Confusion in the growing sustainable marketplace
Relying on self-labeling and various industry standards using different methodologies has enabled the growth of greenwashing – the labelling of financial products or company activities as environmentally friendly when they are not.
An analysis of 230 European retail funds labelled as sustainable found that 52 per cent of these funds made positive claims about the environmental impact of their products or services but none passed a “substantiation test”, which seeks to prove a verifiable environmental benefit or improvement. Furthermore, none of the funds could pass an “accuracy test”, which determines if the fund is being descriptive enough about their environmental impact.
To provide the booming sustainable investment and finance industry with the integrity and transparency it needs, the EU hopes use the taxonomy to answer the simple question: what qualifies as an environmentally sustainable economic activity?
What is the EU taxonomy?
The EU taxonomy is the backbone of the wider EU Action Plan on Financing Sustainable Growth, a regulatory package to promote sustainable finance within Europe by aligning private and public investment with the EU’s emission-reduction targets and sustainable development goals.
The taxonomy is a list of economic activities that help meet environmental objectives based on technical environmental performance criteria. This list of activities is flexible for use across asset classes and it can respond quickly to changes in technology, science, and new evidence by amendments or expansion to include new activities. Through the use of technical thresholds, the taxonomy doesn’t favour specific technologies, rather it sets ambitious standards to help kick-start innovation across industries.

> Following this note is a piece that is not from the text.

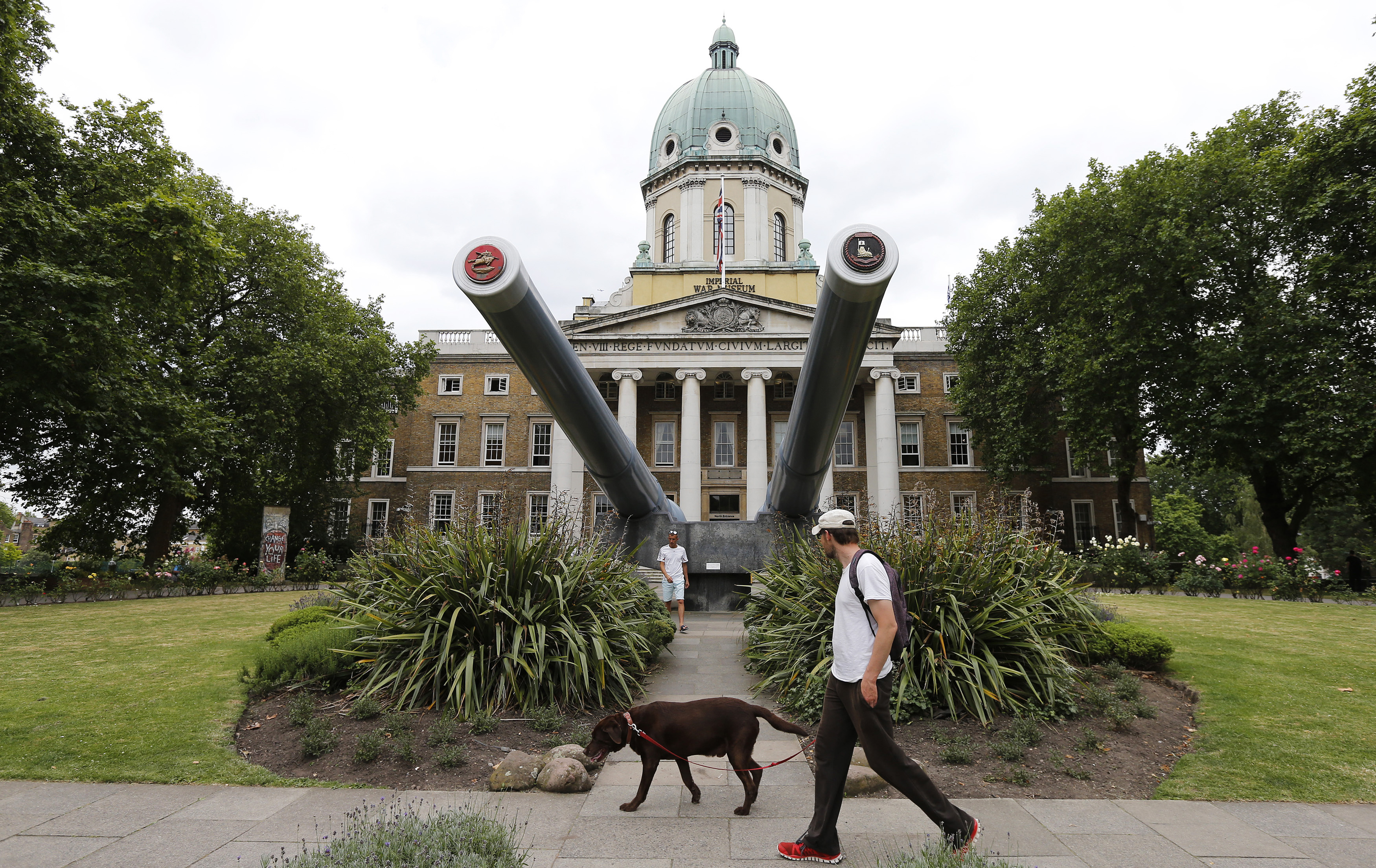 A man walks his dog past the newly re-opened Imperial War Museum in central London on July 16, 2014. (Suzanne Plunkett —Reuters)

The list is intended to be used as a tool by companies and financial market participants to determine their alignment with activities that meet environmental objectives. To be successful, companies will need to provide detailed disclosures on their revenues and expenditures and explain how they are aligned with the taxonomy. Investors and financiers will be able to use this information to invest in companies and projects that contribute to environmental objectives, and to position their portfolios for a low-carbon future. The EU is developing taxonomy-enabling regulation to ensure that companies and investors use and report on their taxonomy-alignment through disclosure requirements and financial product labels.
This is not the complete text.